__EXERCISE DATA__.
------------------------------------------------------------
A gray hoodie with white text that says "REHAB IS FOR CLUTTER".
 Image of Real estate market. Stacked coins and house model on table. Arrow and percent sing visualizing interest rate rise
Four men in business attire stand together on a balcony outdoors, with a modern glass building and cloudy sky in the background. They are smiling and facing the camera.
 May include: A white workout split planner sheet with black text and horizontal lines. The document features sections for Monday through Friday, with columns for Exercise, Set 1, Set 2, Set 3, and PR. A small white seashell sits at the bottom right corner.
------------------------------------------------------------
__ACTIVITY__. Output the listing above in its entirety, exactly as given.

__SOLUTION FOR THIS TASK__.
A gray hoodie with white text that says "REHAB IS FOR CLUTTER".
 Image of Real estate market. Stacked coins and house model on table. Arrow and percent sing visualizing interest rate rise
Four men in business attire stand together on a balcony outdoors, with a modern glass building and cloudy sky in the background. They are smiling and facing the camera.
 May include: A white workout split planner sheet with black text and horizontal lines. The document features sections for Monday through Friday, with columns for Exercise, Set 1, Set 2, Set 3, and PR. A small white seashell sits at the bottom right corner.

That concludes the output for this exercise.